KEVIN VOGEL | Arts, Etc. Editor
What kind of story could you tell in one minute? Could you make us laugh? How about cry? Could you blast a paradigm, present a life-changing idea or capture the essence of a generation?
This was the challenge put forth to 25 Indiana playwrights ahead of the first Basile Indianapolis One-Minute Play Festival this month.
The resulting works, ranging from comedic to poignant, abstract to metaphoric to shockingly real, were presented last weekend at the Phoenix Theatre.
Among the playwrights who contributed was Lauren Thorne, a Butler University theatre graduate who wrote and directed an hour-long play at Butler in December 2011.
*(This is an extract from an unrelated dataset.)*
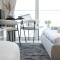 Executive Studio in Damac Hills by Suiteable - Dubái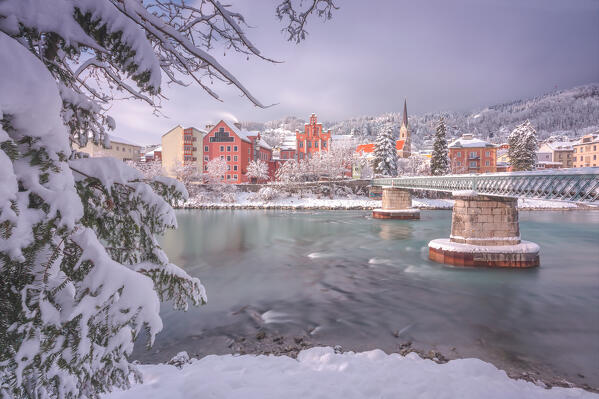 Sankt Nikolaus district as seen from the Inn Promenade after a snowy morning, Innsbruck, Tyrol, Austria, Europe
One of her plays in this production told the story of a man’s awkward speed-dating experience, and the other was a very personal visualization of an artist giving up his artistic dreams for an unsatisfying day job.
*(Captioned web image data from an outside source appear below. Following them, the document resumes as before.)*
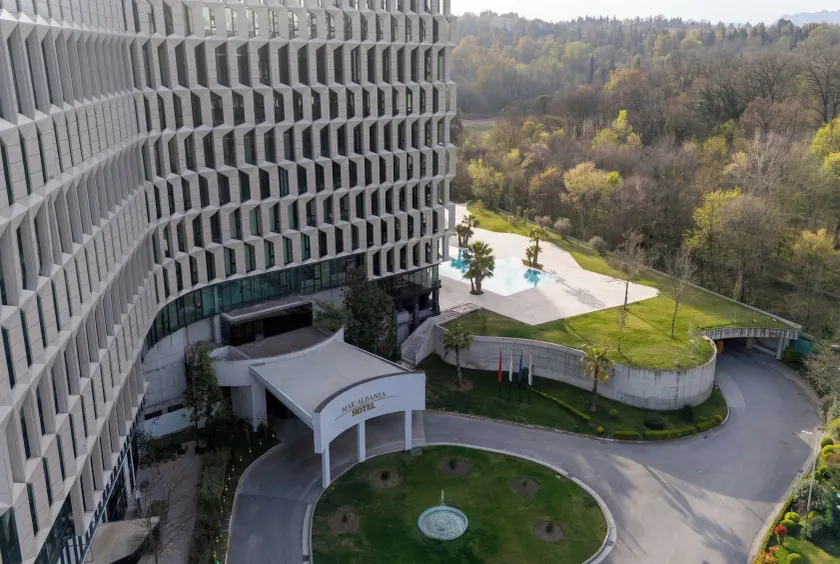Mak Albania Hotel - Image 1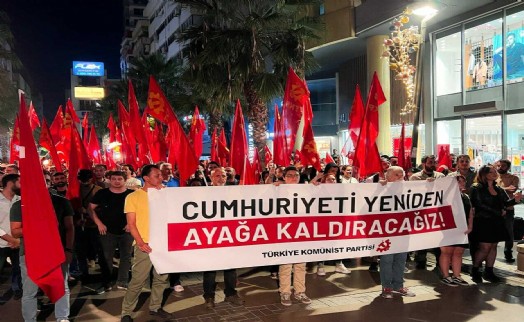 TKP'den Cumhuriyet yürüyüşü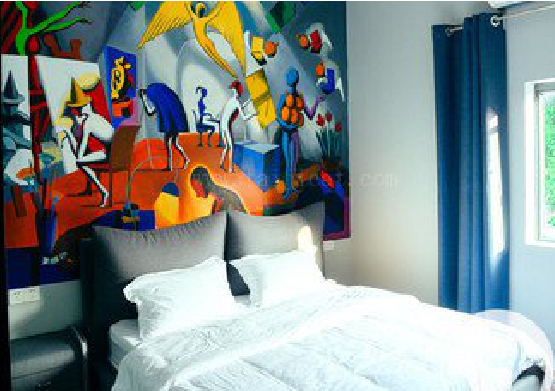 台前对于酒店的墙体彩绘而言更注重哪些方面？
“I wasn’t an artist. I was unemployed,” the actor said emphatically. The audience audibly sighed as the lights dimmed.
At first, the idea of a one-minute play might seem silly. But the almost 50 plays resonated powerfully with the audience.
The One-Minute Play Festival, an organization based in New York City, seeks to capture snapshots of American life on the community level through the language of theatre and coalesce those snapshots via the Internet into a panoramic that shows what it is like to live in America.
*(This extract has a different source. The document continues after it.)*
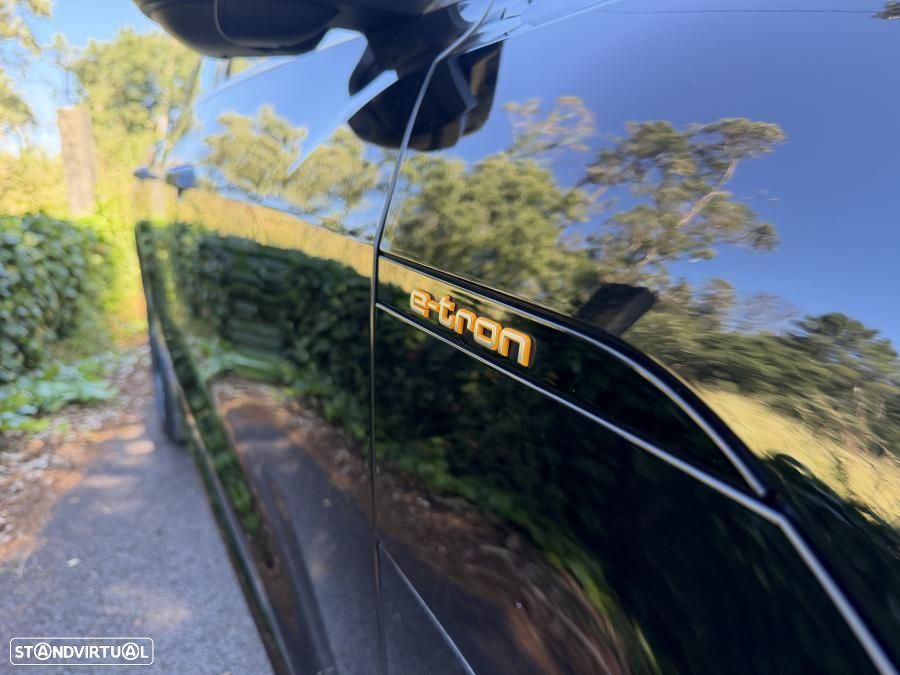 Audi e-tron 50 quattro S line - 4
It seeks to show what we care about, what we think about and how we express ourselves.
This is a fantastic idea, and the power of these plays was palpable in the audience during the performance.
It was cathartic to see plays which addressed our real concerns. There were two or three plays which comically dealt with this year’s seemingly endless winter.
In one of these, a man makes his way across the stage toward a woman, only to be hampered by whistling actors who grabbed his legs, dragged him back and otherwise blocked him. When he finally made it to his seat next to the woman, he looked at her and said the words we in Indianapolis have said multiple times this winter: “I don’t think they plowed!”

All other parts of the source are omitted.